Rusty Reed, mayor of Exeter, said the city has until July 30 to send an application letter for the extension. If it is granted, the extension will allow the city to conduct a study of its wastewater pipes and fix the most troublesome spots causing the excess inflow of water.

"We plan to run a camera up the lines and see where the biggest infiltrations are coming from," Reed said. "If we get the extension, it will be for one year, and if we fix some of the more problematic areas, we should be able to manage the rest of it."

Because of old piping systems and manholes, Exeter's wastewater plant has too much rainstorm runoff water passing through its system, and by a DNR mandate, must stop the diversion of wastewater from any portion of its facility into waters of the state.

When heavy rains cause overflows in the plant, Wastewater Treatment Plant Supervisor and Operator Paul Duncan said the water is chlorinated, then dechlorinated, before being put in a tributary of Flat Creek. While the water is chlorine-treated, it bypasses much of the rest of the plant's filters, which goes against the DNR request.

Defaulting on the agreement with the DNR in April set the stage for the organization to come into the city and perform an economic study, which would likely lead to a hike in wastewater bills for residents.

However, Reed said the extension and city's effort to stop the excess inflow should put a stop to any DNR study.

"If we can get some of it fixed, we would not be in default any more and would be in good standing again with the DNR, and that would keep them from coming in," he said. "They've been very civil with us, and I think they'll accept the application and give us that year to get back into good standing."

Duncan addressed the city in April with a trio of options regarding the agreement and how to handle the excess water.

The first option involved updating the city's sanitation lines and manholes to eliminate any excess water entering the plant. Duncan said the projected cost of such a project would be about $2.5 million and lead to a $100 per month increase in customers' bills.
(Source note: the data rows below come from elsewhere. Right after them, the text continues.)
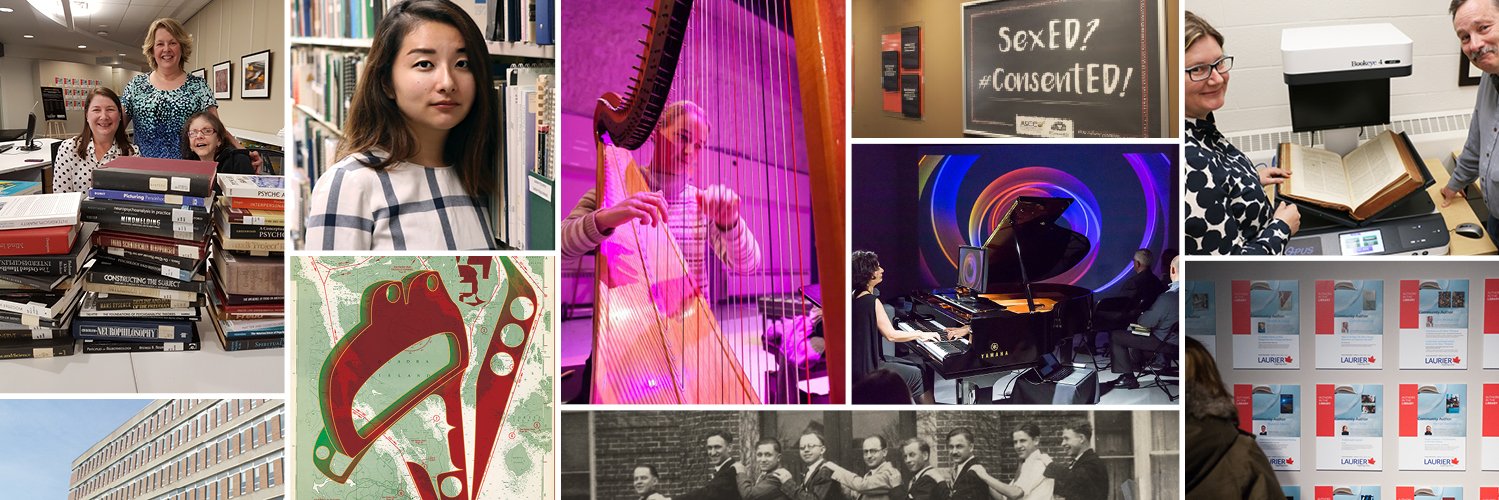 Laurier Library banner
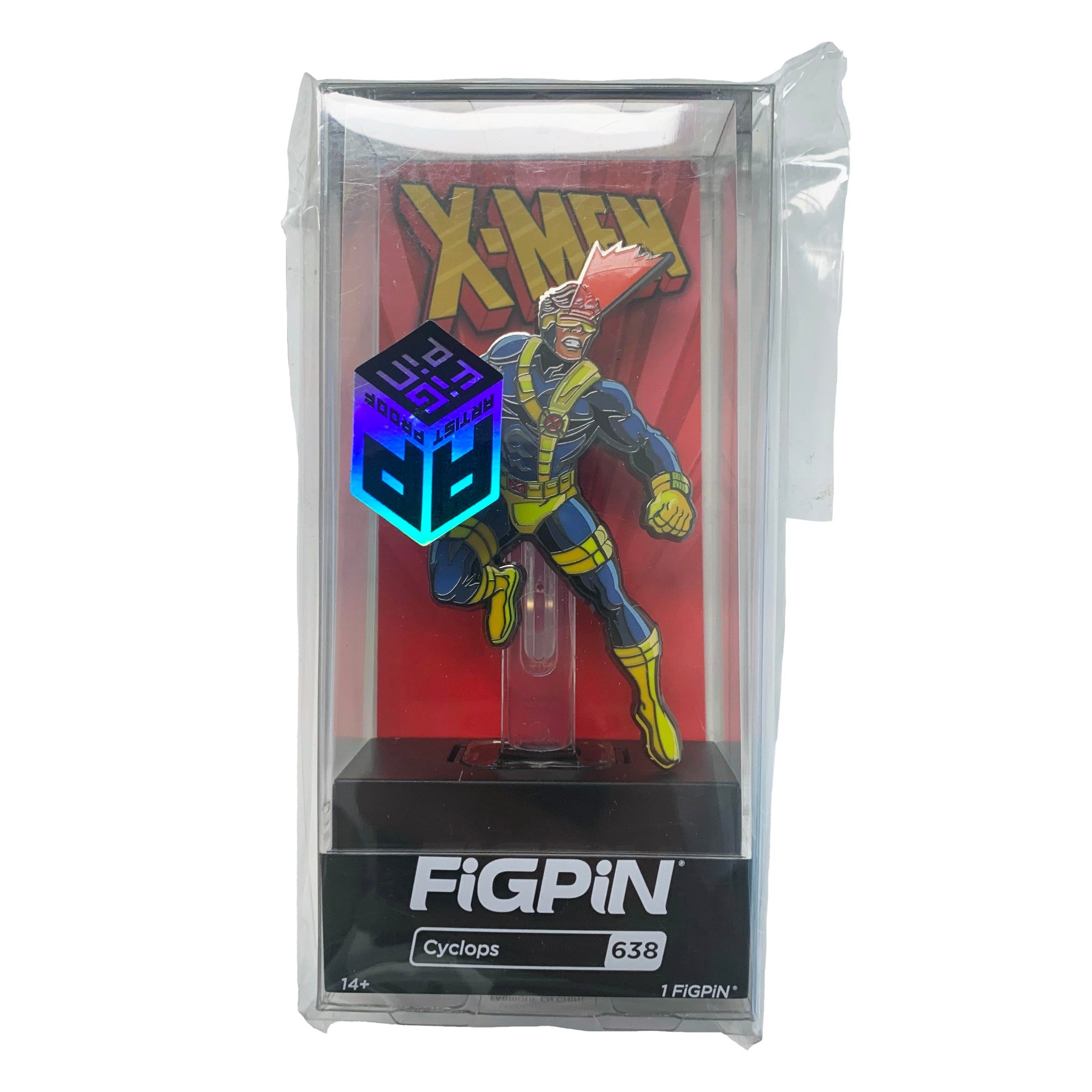 FiGPiN AP Artist Proof X-Men Animated Cyclops 638 Collectible Enamel Pin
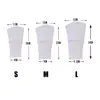 1Pair Soccer Shin Guard Football Crashproof Calf Protector Nylon Leg Sleeves Sock Shin Protector with Pocket Training Protection 6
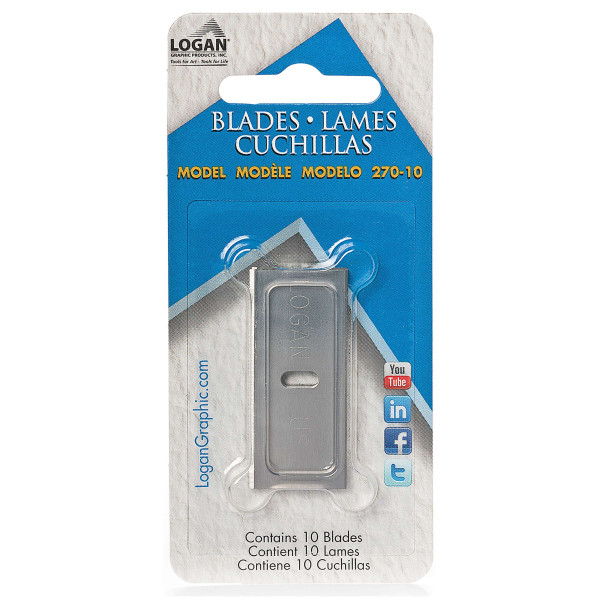 Logan 270 Reservblad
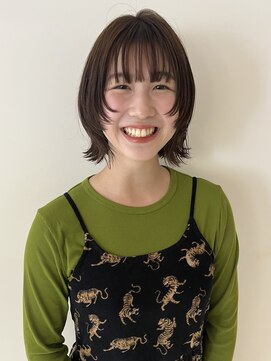 コンベックス(convex) 顔周りカット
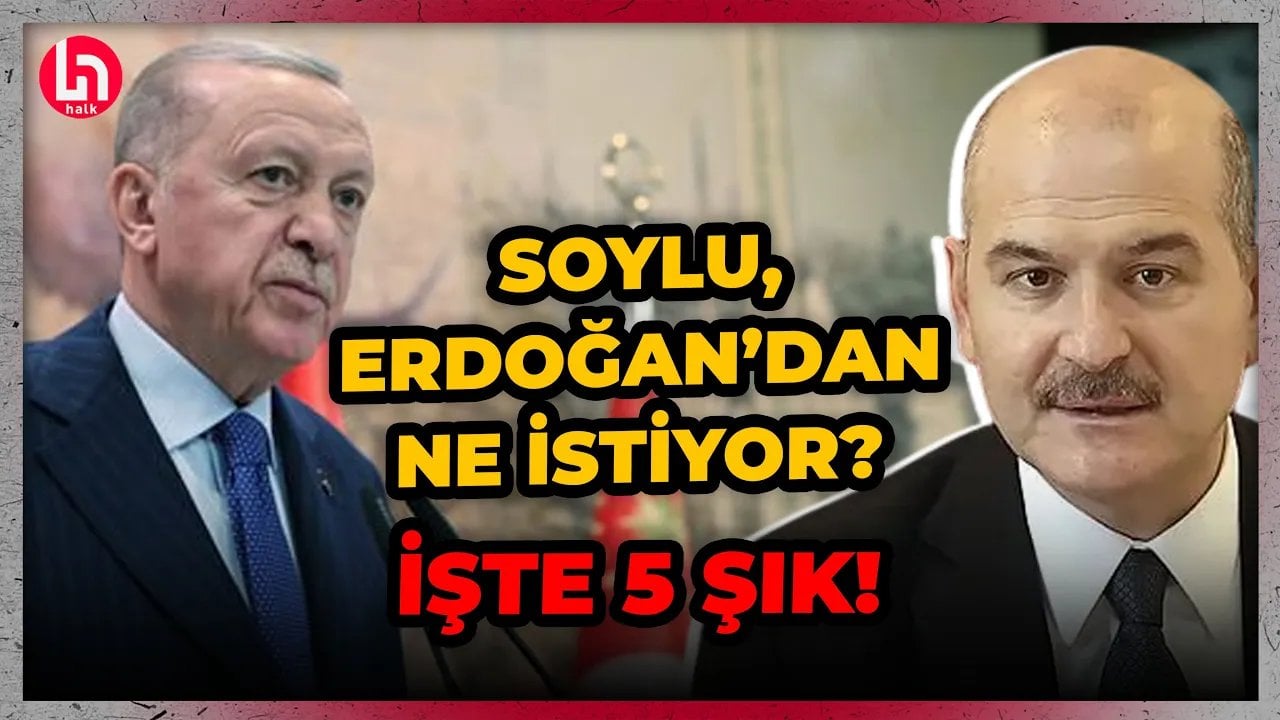 Ankara'da çözülemeyen soru! Soylu-Erdoğan görüşmesinde ne konuşuldu? Ekrem Açıkel anlattı...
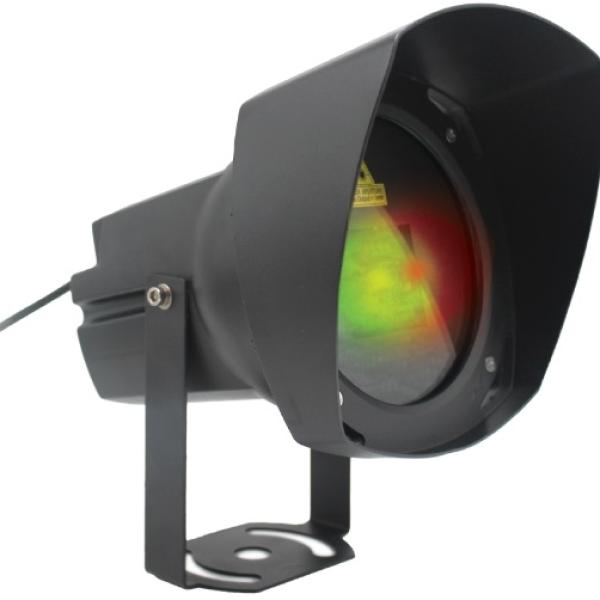 Repelente a Laser IP65 Verde Exterior p/ Pássaros c/ Controlo Remoto (200m²)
The second option was for the city to boost capacity at the plant, which would entail modernization, which could include building an oxidation pond and converting to ultraviolet lights. Duncan said the projected cost of this plan would be about $2 million, and would lead to an $80 increase per month to customers' bills.

The final option for the city, and the option officials eventually settled on, was to default on the agreement with the DNR.

According to Duncan, the wastewater plant normally sees about 25,000 to 35,000 gallons of water per day run through its system.

However, when a heavy rain falls, that number jumps up to about 975,000 gallons. Without bypassing that excess water, the wastewater plant would be flooded because it does not have enough capacity.

Reed said the problems with excess inflow are not as bad as previously thought, and using city equipment and city employee labor, Exeter should be able to solve many of the issues on its own.

"We can handle the cost, and it won't be that bad if we do the work ourselves," he said. "We've been in conference with the DNR, and we hope everything will turn out all right."

The Exeter Sewer Department has a total budget of $117,300 for the 2013-2014 fiscal year, which ends on Sept. 30.